Renewable energies are the most sustainable and long-lasting way to achieve the target of zero emissions, which we have brought forward by ten years to 2040
Ventotene and the green islands
A thorough transformation into a positive role model for the entire Mediterranean. This is the energy story of Ventotene, and other small islands off Italy’s coast, united by the difficult problem of their separation from the national grid on the mainland.
In May 2016, on Ventotene, Enel unveiled a ground-breaking system that integrates generation and storage to provide an island’s energy supply. It is a hybrid operation, depending on a 600kWh lithium-ion battery to bring an improvement in the quality of service offered to residents and a reduction in CO2 emissions.

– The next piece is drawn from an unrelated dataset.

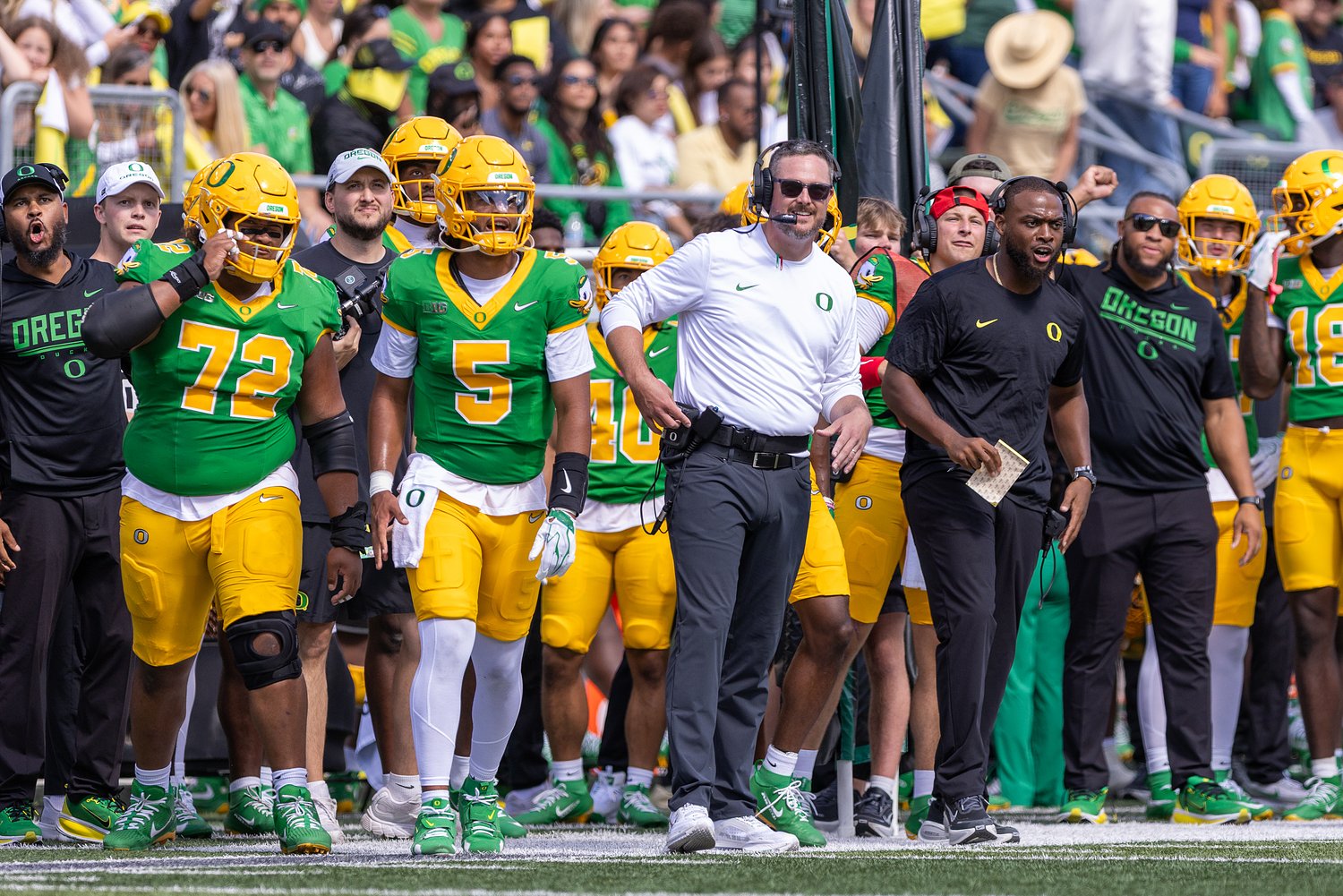 Oregon loses injured offensive lineman for the season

Ventotene, in the Pontine archipelago, is the perfect arena for a trial of this kind. The island is a tourist destination with high peaks of demand for electricity during the summer season. Diesel generators have to be turned on and off frequently, with a non-optimal load that causes an increase in fuel consumption and affects the overall efficiency of the system. The battery installed by Enel permits storage of any excess electricity produced at peak times, thus avoiding winter wastage and summer blackouts when the island is densely populated.
Ventotene provides a sustainable model that could be replicated on 286 European islands with benefits for the environment and the 10 million-plus people who live on them. But the tiny Pontine island is not the only one to have already implemented such an important development, because Capraia, too, has been shining a green light since 2014.
The Tuscan island is not connected to the mainland grid and the only fuel available is biodiesel that comes from the Enel production plant. This innovative and efficient energy model of low environmental-impact electricity production has made Capraia Italy’s first "green island", able to provide a low-voltage supply to 467 households and meet the demand of about 2,000 vacationers during the summer peak. Electricity for the island is produced by an electro-diesel plant consisting of four new generators for a total output of 2000kW, powered exclusively by biodiesel – biodegradable fuel, sulphur-free and with zero CO2 emissions – thus preventing 2,000 tonnes of CO2 per year from being released into the atmosphere.
Yet it's not only in Italy that green islands exist. The model created in 2014 by Enel in the Canaries is a working example of how it is possible to make islands energy independent using 100 per cent renewable sources – free from the need to import fossil fuels and without connection to mainland distribution networks. On El Hierro, the smallest of the islands in the Spanish archipelago, Endesa has built a hybrid wind-hydro system which – as well as providing energy self-sufficiency – guarantees an annual abatement of 18,700 tonnes of CO2 and a saving of €1.8 million on importing oil, based on its past energy needs.
Energetically self-sufficient, equipped with innovative power generation systems, environmentally and economically sustainable, the future of energy begins on the smaller islands.